例えば、痩せた土地に化学肥料をバンバン投入すると、5年くらいはいい状態になるが、どうしても土地が固くなってくる。そして土地がダメになる。あくまでも土地を肥やして次世代に残すということを考えながら資源を利用する方向で考えなければならないのだ。そこには在地の技術・ノウハウ、組織の体系的利用、再編が重要である。

農村の持続的発展・持続的開発を考える

では、農村の持続的発展・持続的開発というものは、どうすれば可能になるのだろう。先生はいろいろな村で実現した事例を紹介してくれた。

1.ネパールの山村におけるバイオマスの活用
牛の糞尿をためてメタンガスを作り、炊事や照明に利用。これは日本でも明治期に使われていたもので、“古い技術の再編・利用”である。これにより多くのメリットが生まれた。薪を使わなくなることから、森が育ち、薪の煙害による体調不良がなくなり、スス汚れが減って石鹸を節約でき、薪を運ぶ時間を家事や勉強にあてることができ、人もトイレで用を足すようになるなど、暮らしぶりも変化。資源管理による森林保全・経済的機会拡大につながった。

2.インドネシアにおける住民のエンパワーメント/共同酪農
畜舎を1カ所に共同で建築し、そこでみんなの牛を飼うようにした。すると、作業の効率化と畜舎の費用軽減などコストダウンにつながり、一定レベルの乳量を確保できることで出荷分の値段もアップして、大投資家と同レベルの経営が実現できた。個人では弱い力を共同化することによって力を増し、交渉力が出てくる。住民は組織化によってエンパワーすることによって地域の資源になることを実感した。

3.アフリカ・マラウィにおける食糧安全保障の強化
かつては最貧国のひとつと言われた国。農民は手間のかからないキャッサバと、水の管理が必要になるトウモロコシのどちらかを作っていた。
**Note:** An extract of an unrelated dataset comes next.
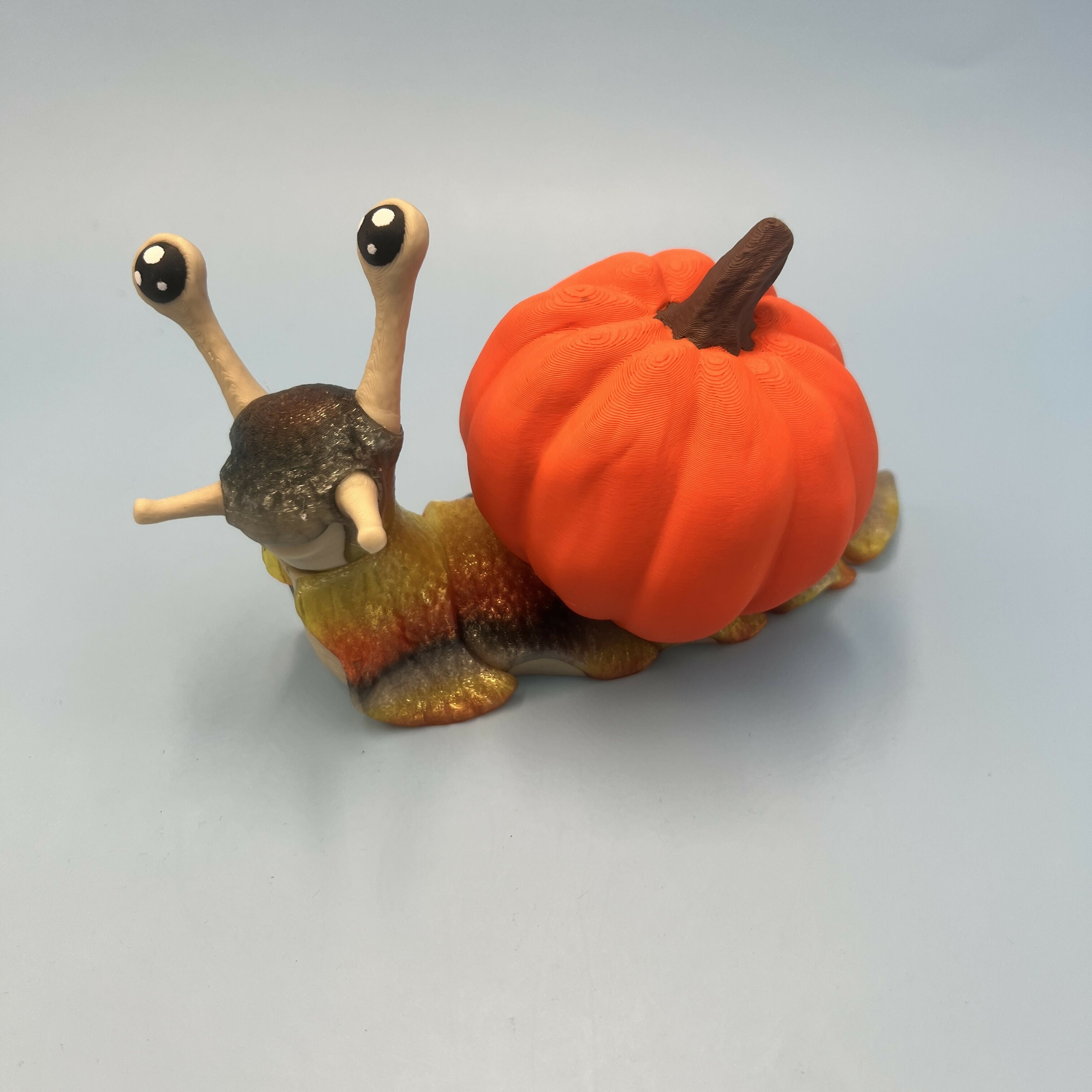 3D Printed LARGE: Articulated Sensory Fidget Animal friend Halloween Snails Pumpkin & Skull back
これを両方作ったらどうなるかということで先生の教え子(同国農業省の役員)が政府に働きかけ、実験的に水路を引いて両者の2毛作を実施。2年目に成果が現れ、参加農家の食糧自給率は100%を越えた。これは、地域特異的地方政策の実現及び地域にある労働資源を体系的に活用した事例である。

4.フィリピンにおける生活改善
フィリピンの農村では家の裏にはオープンスペースがあり、そこで豚を飼っているところが多い。これを何軒かでグループ化することによって、エサの仕入れがスムーズになり、豚飼育ローンに保険がセットできるようになり、衛生状態が改善されて肉質も良くなり、病気の予防がしやすくなり、豚肉が高値で売れるようになった。また、以前、お金が必要な時には子豚・豚肉は安値でも売っていた。いわゆる投売りだったが、飼育農家の組織化によるマイクロクレジット活動により安い金利でお金の借り入れができるようになり、クリスマスなど高く売れる時期に合わせて子豚・豚肉を売るといった戦略的販売ができるようになった。結果、世帯当たりの収入がアップし、生活がレベルアップした。これは近代システムの応用、飼育農家の組織化による成果である。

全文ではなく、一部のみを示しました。